AIM OF THE EXERCISE – Your output should match the listing below word for word, without any images.
#### DATA
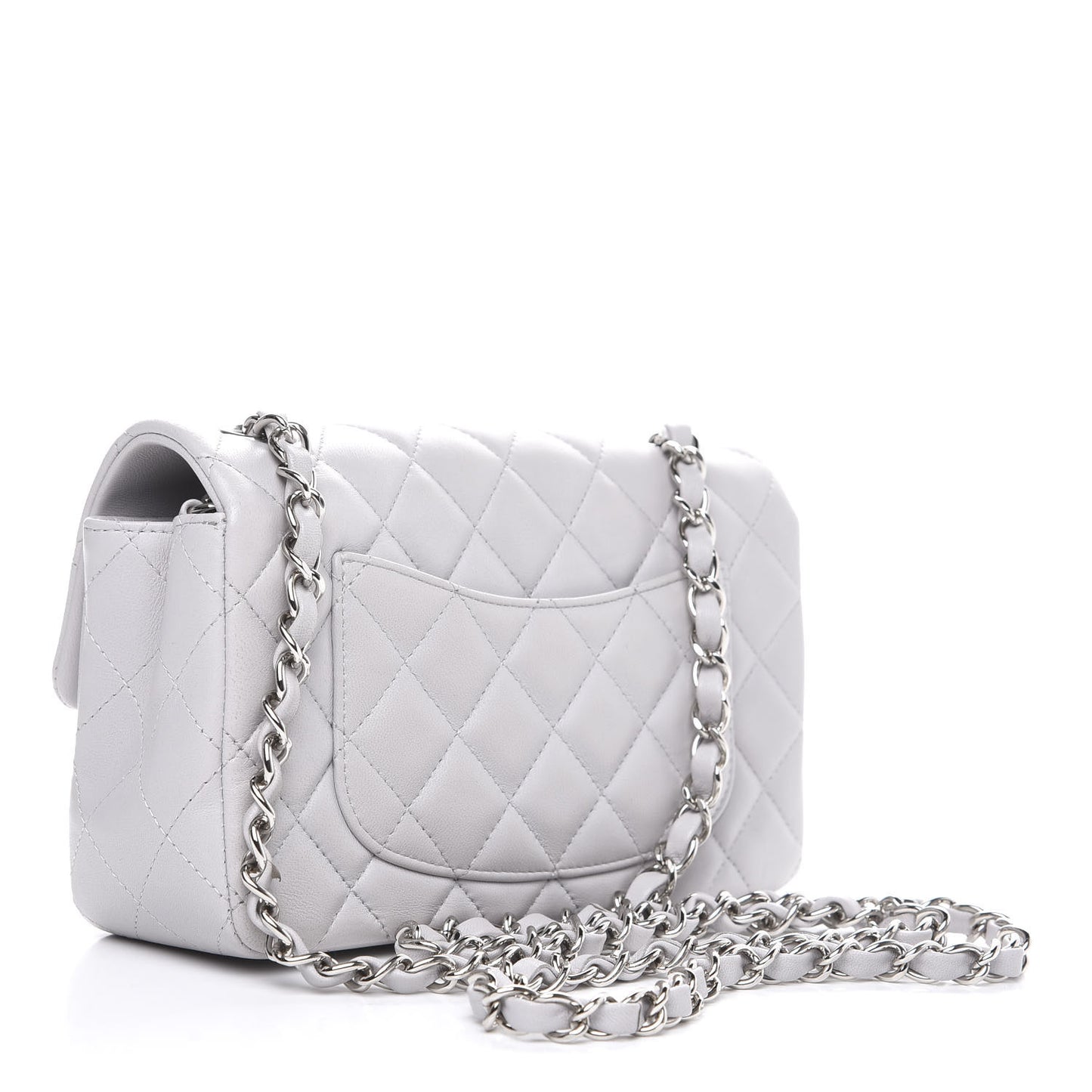 Lambskin Quilted Mini Rectangular Flap Grey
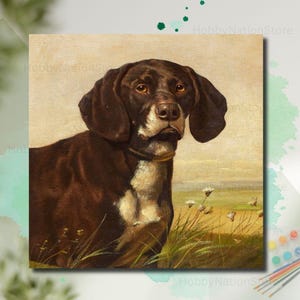 May include: A vintage painting of a brown and white dog with floppy ears and a focused gaze, wearing a gold collar. The background shows a field with wildflowers and a soft, neutral colour palette.
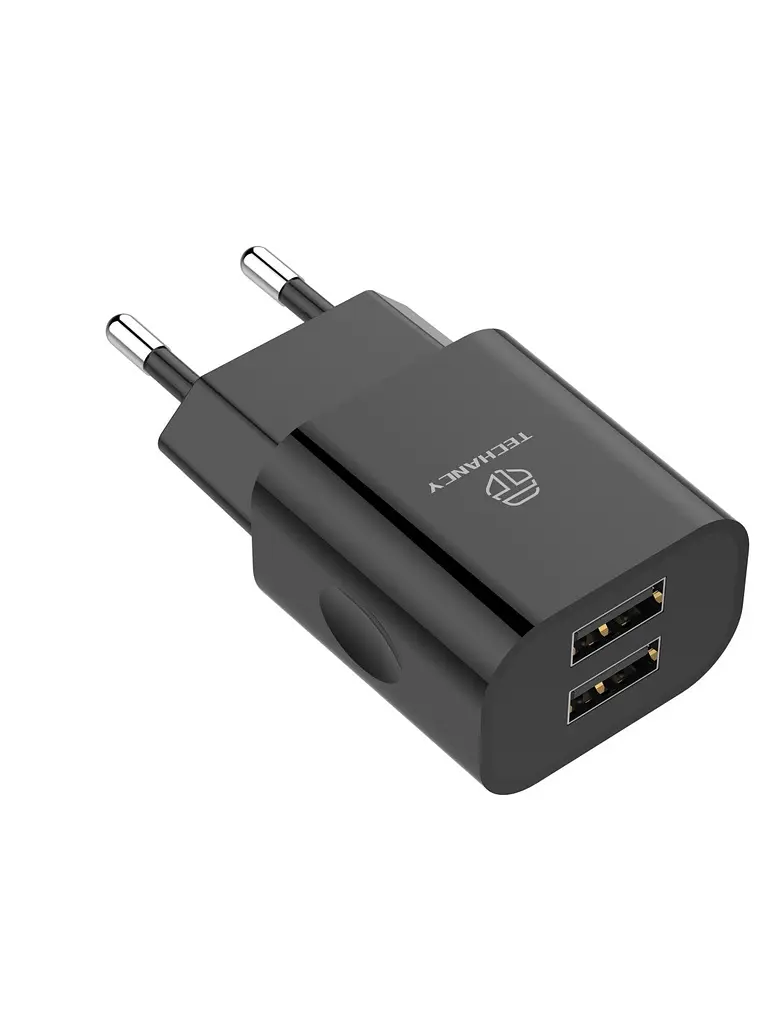 Techancy Carregador De Parede 2usb Preto TA2791,5V-2.4A Carregamento,Conjunto De Cabos Usb-Tipo-C 1m,Suporta Telemóveis Usb-C 4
########
SOLUTION TO THE PROBLEM –
 Lambskin Quilted Mini Rectangular Flap Grey
 May include: A vintage painting of a brown and white dog with floppy ears and a focused gaze, wearing a gold collar. The background shows a field with wildflowers and a soft, neutral colour palette.
 Techancy Carregador De Parede 2usb Preto TA2791,5V-2.4A Carregamento,Conjunto De Cabos Usb-Tipo-C 1m,Suporta Telemóveis Usb-C 4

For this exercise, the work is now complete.